Крестьянство было революционно только в одном отношении: оно не признавало частной собственности на землю. Хотя накануне революции оно владело, как уже сказано, ?/?? всей пахотной земли, оно мечтало об остальных 10 %, принадлежащих помещикам, купцам и крестьянам-единоличникам. Никакие экономические или юридические аргументы не могли поколебать их взглядов — им казалось, что они имеют самим Богом данное право на эту землю и в один прекрасный день она будет их, то есть общинной, распределенной среди ее членов по справедливости. Превалирование общинного землевладения в Европейской части России вместе с наследием крепостничества явилось основополагающим фактором российской социальной истории. Это означало, что вместе со слабо развитым представлением о законе крестьянин не испытывал особого уважения и к частной собственности. Обе тенденции использовались и раздувались радикальной интеллигенцией в своих целях, настраивая крестьянство против существующего порядка [277] .
277
Вера Засулич, революционная карьера которой началась в 70-х годах прошлого столетия и которой довелось быть свидетельницей ленинской диктатуры, в 1918 году признавала, что на социалистах лежит доля ответственности за большевизм, поскольку они подстрекали рабочих — и можно добавить, крестьян — захватывать имущество, но ничего не говорили им о гражданских обязанностях (Наш век. 1918. № 74/98. 16 апр. С. 3).

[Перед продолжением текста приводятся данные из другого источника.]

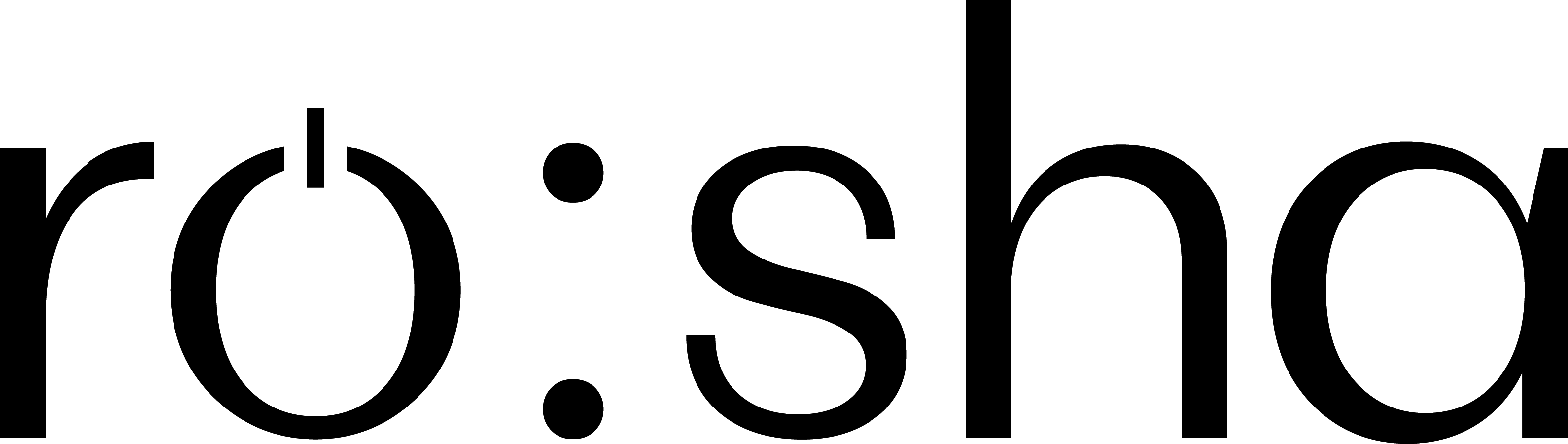 RO:SHA Logo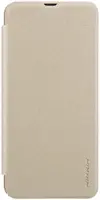 Чохол-книжка Nillkin Sparkle Leather Case Samsung Galaxy A50 Gold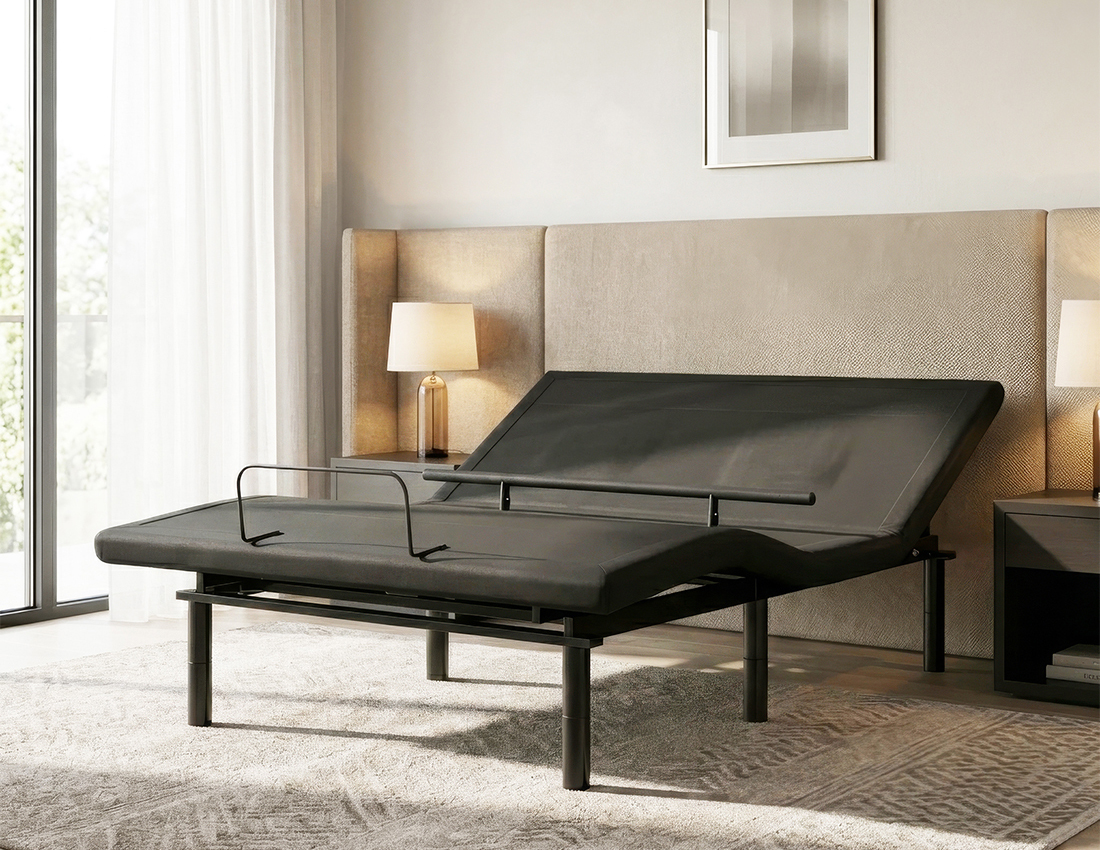 Adjustable Recliner Bed Quest 4.0 Adjustable Recliner Bed Quest 4.0, Recliner Bed, Smart Recliner Bed, Smart Bed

Промышленные рабочие в России представляли собой легковоспламенимый, дестабилизирующий элемент не потому, что они усвоили революционную идеологию — таковых было очень немного, да и тех отстранили от ведущих позиций в революционных партиях. Дело, скорее, было в том, что в большинстве своем, лишь поверхностно урбанизировавшись, они сами, или от силы их отцы, были в прошлом крестьянами, они принесли с собой в город деревенскую психологию, лишь отчасти приспособленную к новым условиям. Они были не социалистами, а синдикалистами, верящими, что подобно тому, как их родственникам в деревнях принадлежит по праву вся земля, так и они имеют право на владение предприятиями, на которых работают. Политика интересовала их не больше, чем крестьян: в этом смысле они тоже пребывали во власти примитивного, неидеологизированного анархизма. Более того, промышленные рабочие в России составляли слишком малочисленную группу, чтобы играть заметную роль в революции — их насчитывалось самое большее 3 миллиона (из которых заметная часть была сезонных рабочих), то есть 2 % населения. В Советском Союзе и на Западе, в особенности в Соединенных Штатах, полчища студентов-историков, с благословения своих профессоров, кропотливо прочесывали источники в надежде найти свидетельства рабочего радикализма в дореволюционной России. Результатом явились увесистые тома с описанием ничего не значащих событий и статистических данных, доказывавших только то, что если сама история никогда не бывает скучна, то книги по истории могут быть удивительно пустыми и унылыми.